[Haskell-cafe] Network.HTTP+ByteStrings Interface--Or: How to shepherd handles and go with the flow at the same time?

Mon May 28 15:20:36 EDT 2007

On Thu, May 24, 2007 at 10:17:49PM +0100, Jules Bean wrote:
> I've been having something of a discussion on #haskell about this but
> I had to go off-line and, in any case, it's a complicated issue, and I
> may be able to be more clear in an email.
> 
> The key point under discussion was what kind of interface the HTTP
> library should expose: synchronous, asynchronous? Lazy, strict?
> 
> As someone just pointed out, "You don't like lazy IO, do you?". Well,
> that's a fair characterisation. I think unsafe lazy IO is a very very
> cute hack, and I'm in awe of some of the performance results which
> have been achieved, but I think the disadvantages are underestimated.

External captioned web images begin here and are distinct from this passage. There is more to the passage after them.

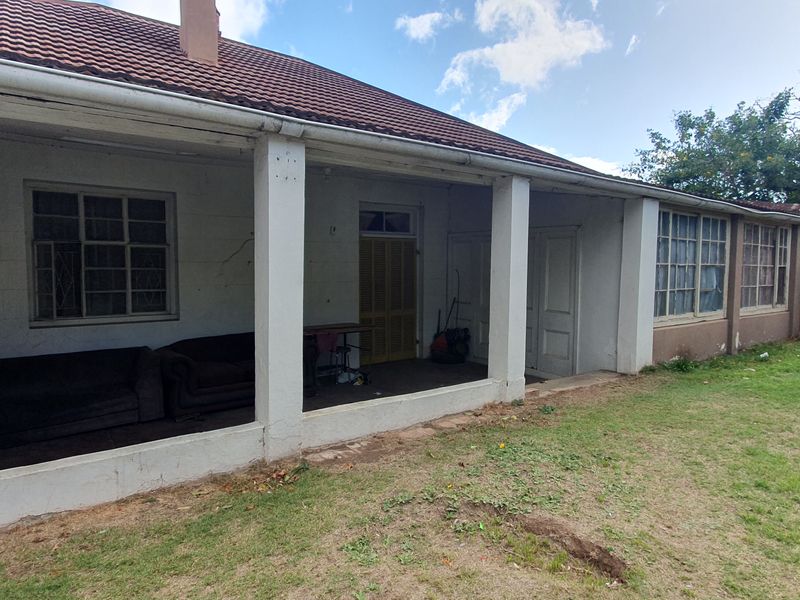 Investor’s Dream in Upper Central – Endless Potential Awaits! - Photo 3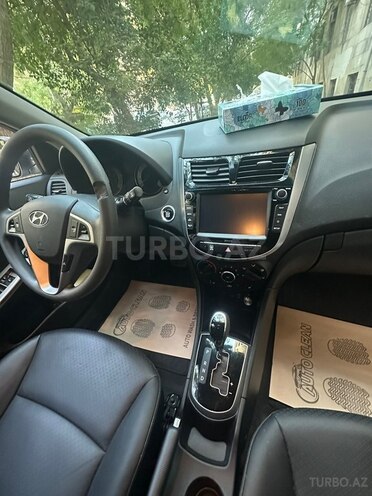 Hyundai Accent 2018, 25,100 km - 1.4 l - Bakı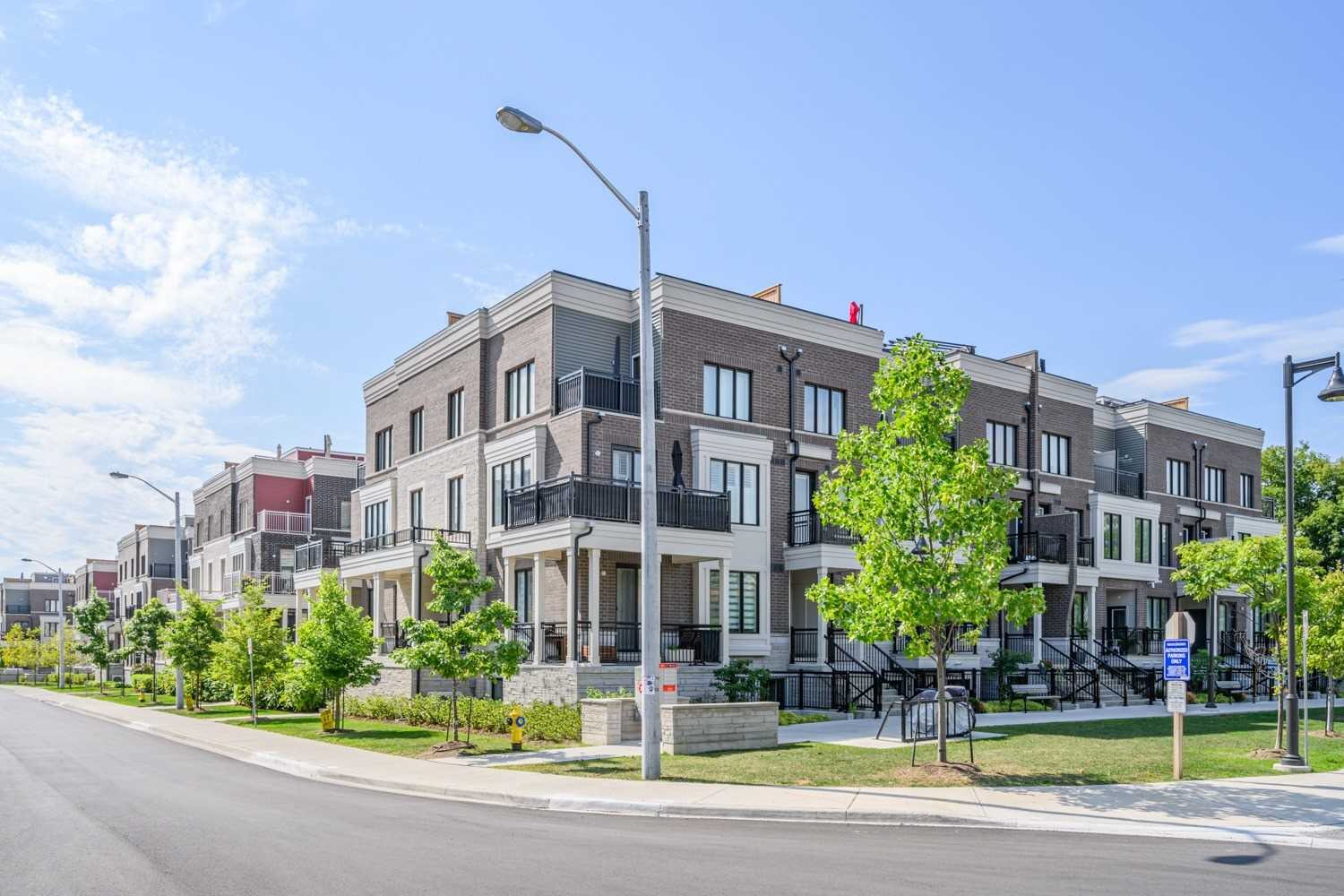 13 150 Long Branch Ave, Etobicoke Terminated, W4569442 Condos.ca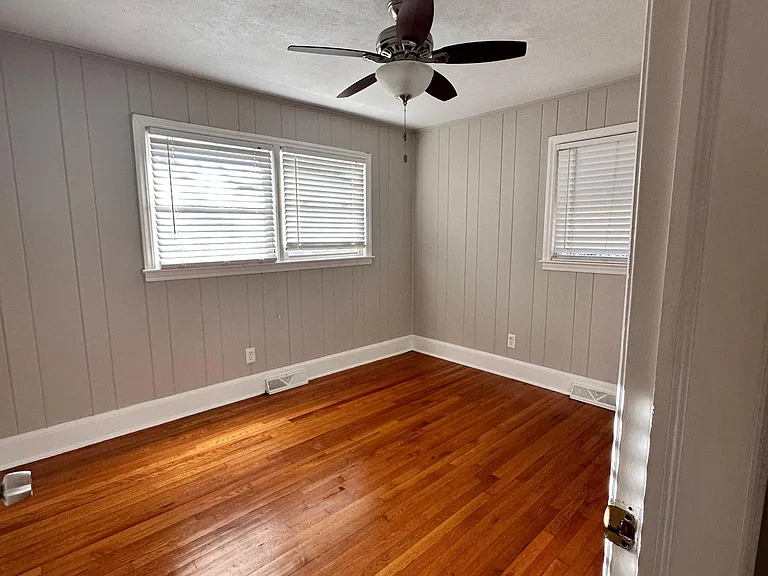 3825 Sheffield Dr — Photo 27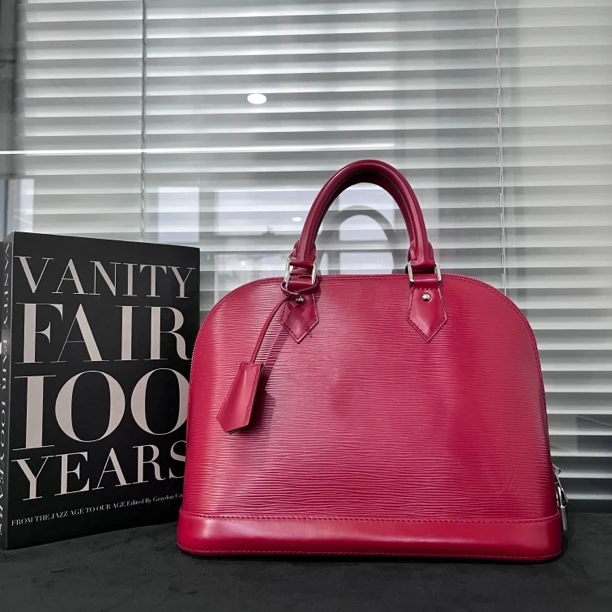 95新 LouisVuitton/路易威登 水波纹单肩手提贝壳包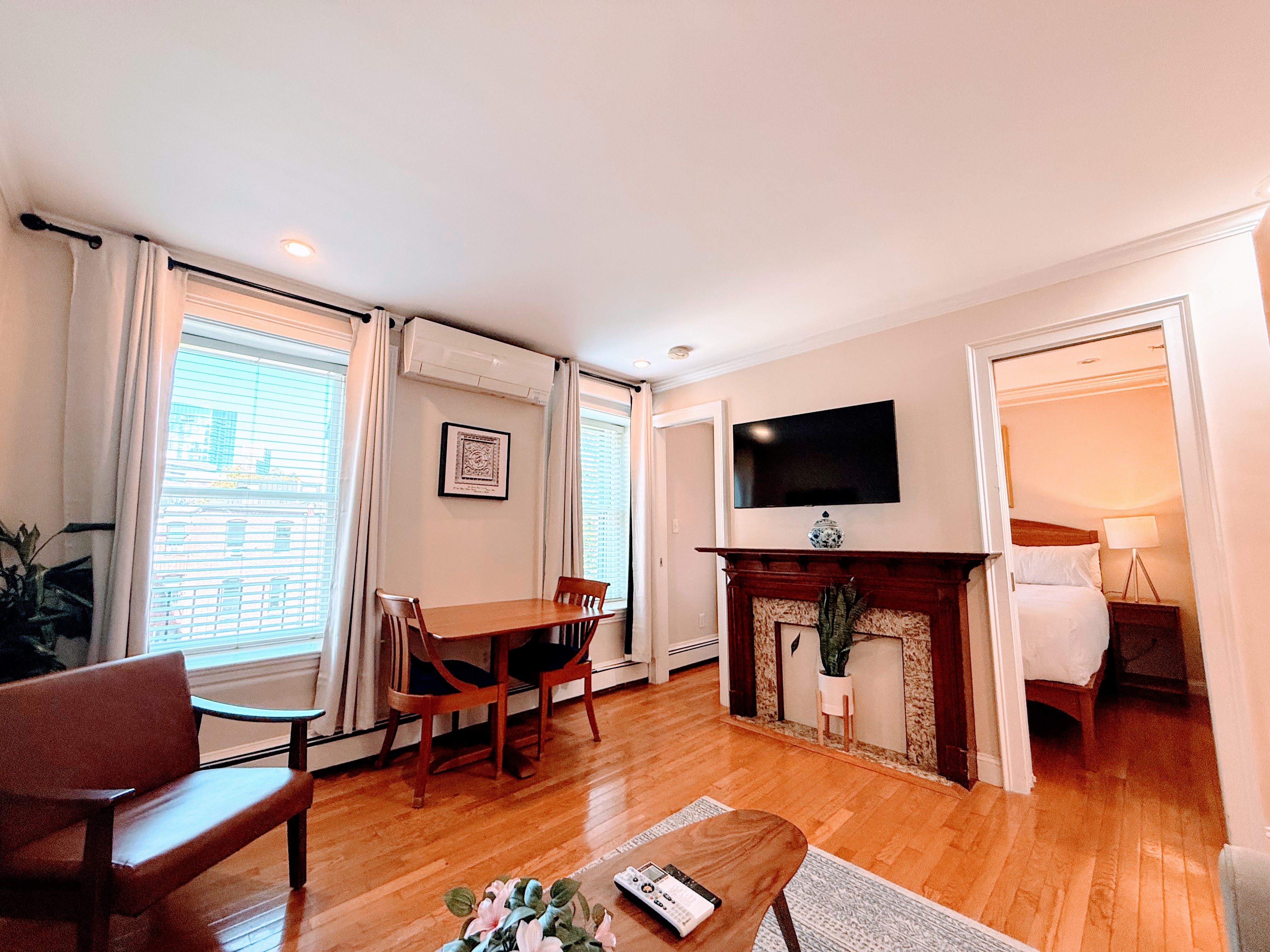 one-bedroom suite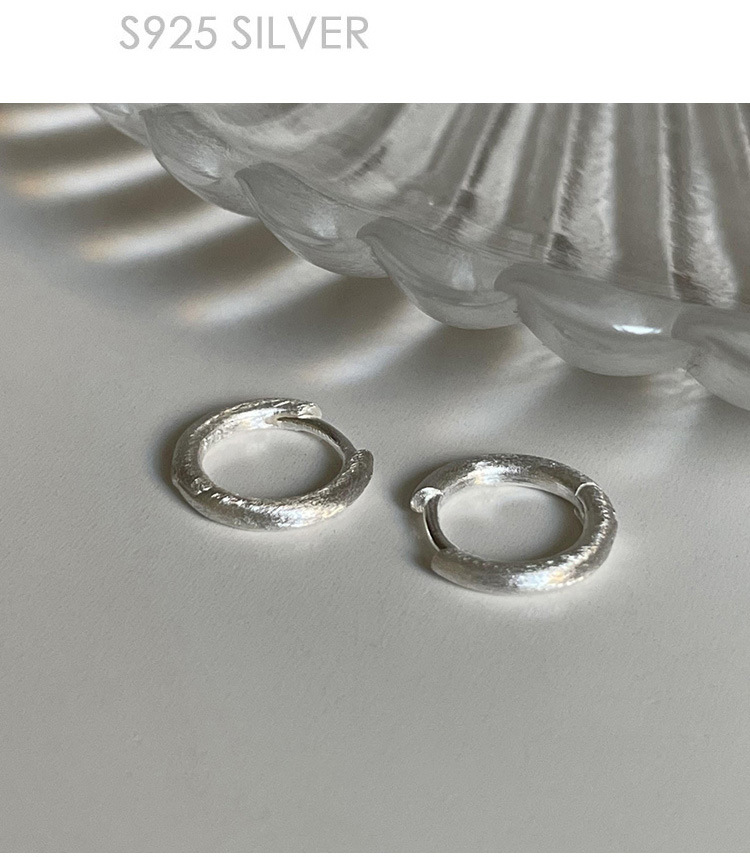 The brushed round ear buckles, the new 2024 earrings, feature a cold and niche design with a simple and versatile atmosphere pic 8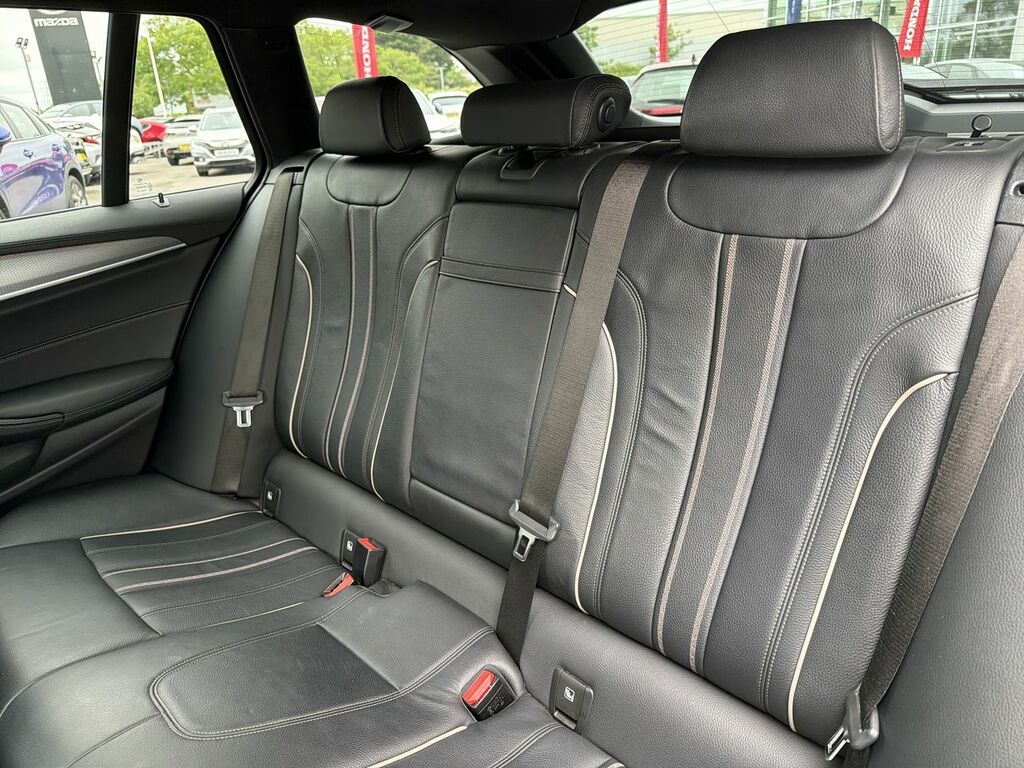 BMW 5 Series 530D Xdrive M Sport Techplus Pack White #8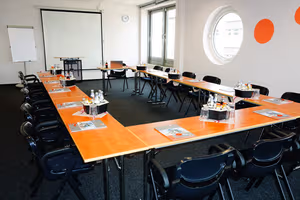 8 Person Private Office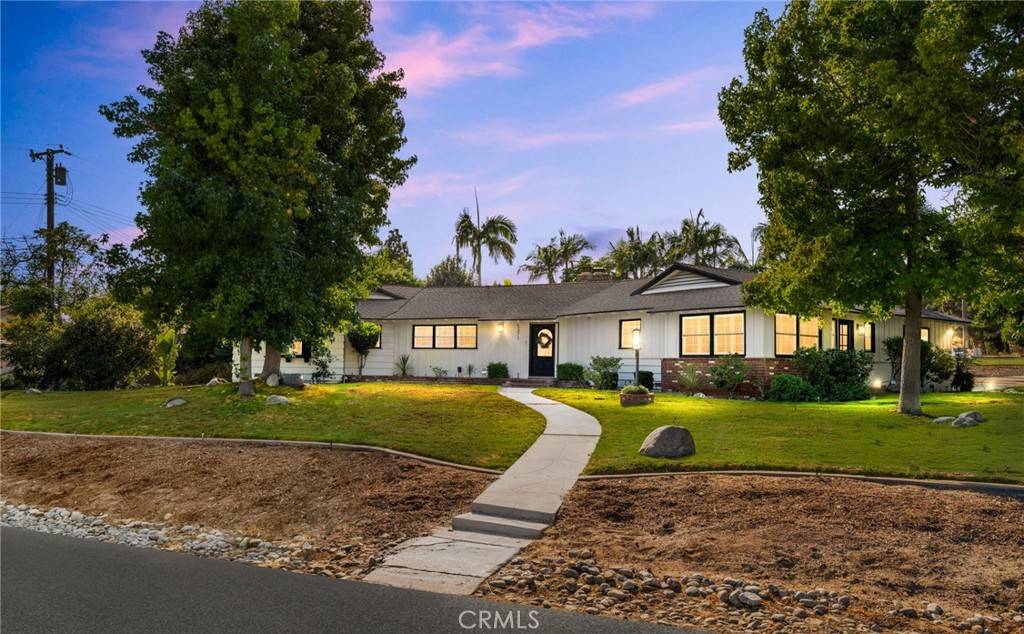 Yorba Linda, CA 92886,5371 Grandview AVE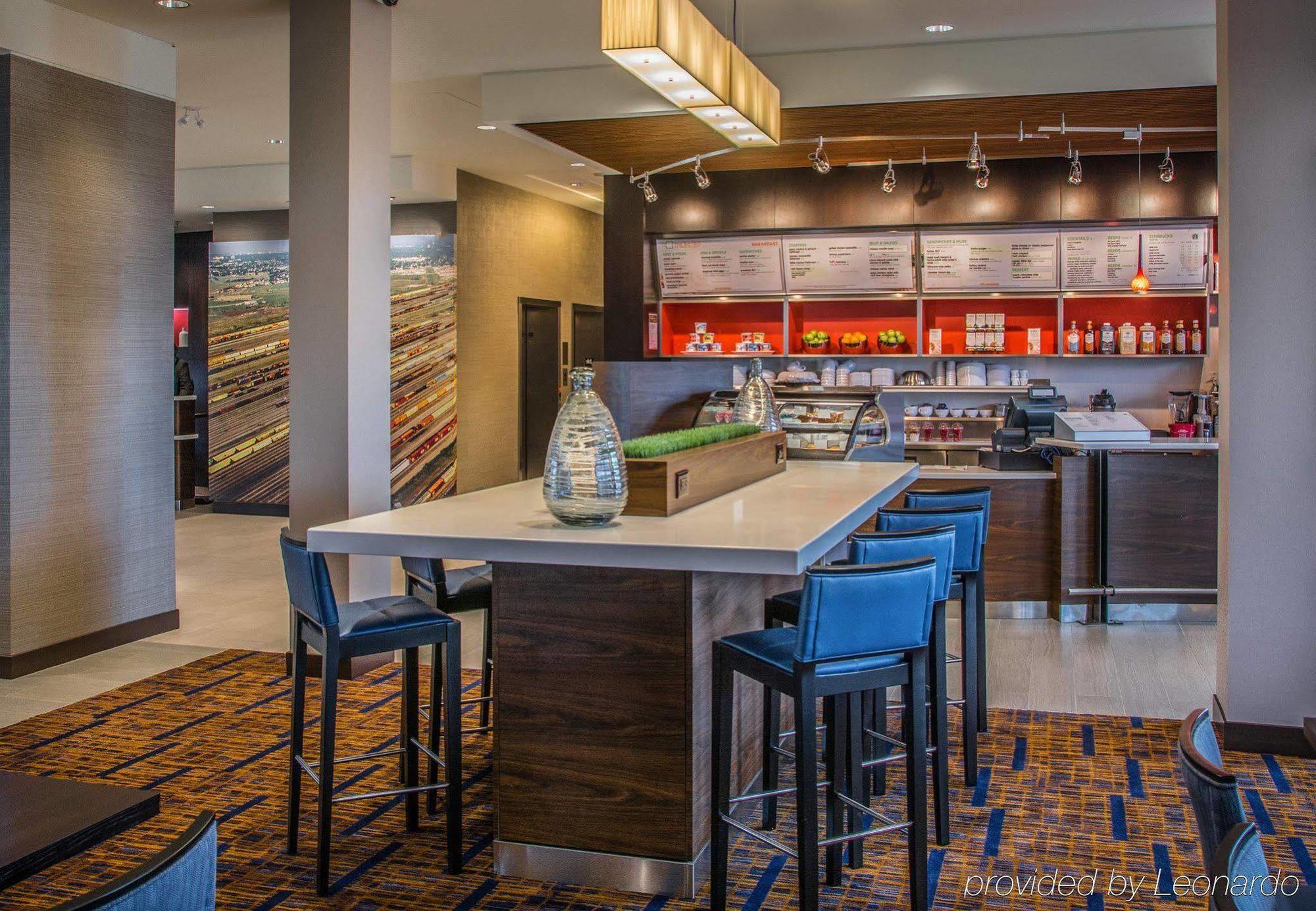 Courtyard By Marriott Winnipeg Airport Bagian luar foto
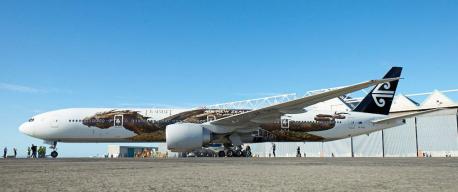 Here there be dragons! Smaug took a break from hoarding his treasures in Middle Earth and flew through our skies on this Air New Zealand 777 in a tribute to 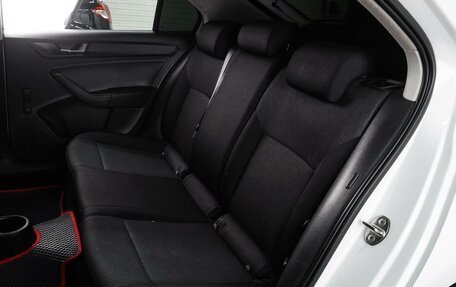 Skoda Rapid I, 2017 год, 1 060 000 рублей, 9 фотография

> Of course, there is a potential ambiguity in the phrase 'lazy IO'. You
> might interpret 'lazy IO' quite reasonably to refer any programming
> style in which the IO is performed 'as needed' by the rest of the
> program. So, to be clear, I'm not raising a warning flag about that
> practice in general, which is a very important programming
> technique. I'm raising a bit of a warning flag over the particular
> practice of achieving this in a way which conceals IO inside thunks
> which have no IO in their types: i.e. using unsafeInterleaveIO or even
> unsafePerformIO.
> 
> Why is this a bad idea? Normally evaluating a haskell expression can
> have no side-effects. This is important because, in a lazy language,
> you never quite know[*] when something's going to be evaluated. Or if
> it will. Side-effects, on the other hand, are important things (like
> launching nuclear missiles) and it's rather nice to be precise about
> when they happen. One particular kind of side effect which is slightly
> less cataclysmic (only slightly) is the throwing of an exception. If
> pure code, which is normally guaranteed to "at worst" fail to
> terminate can suddenly throw an exception from somewhere deep in its
> midst, then it's extremely hard for your program to work out how far
> it has got, and what it has done, and what it hasn't done, and what it
> should do to recover. On the other hand, no failure may occur, but the
> data may never be processed, meaning that the IO is never 'finished'
> and valuable system resources are locked up forever. (Consider a naive
> program which reads only the first 1000 bytes of an XML document
> before getting an unrecoverable parse failure. The socket will never
> be closed, and system resources will be consumed permanently.)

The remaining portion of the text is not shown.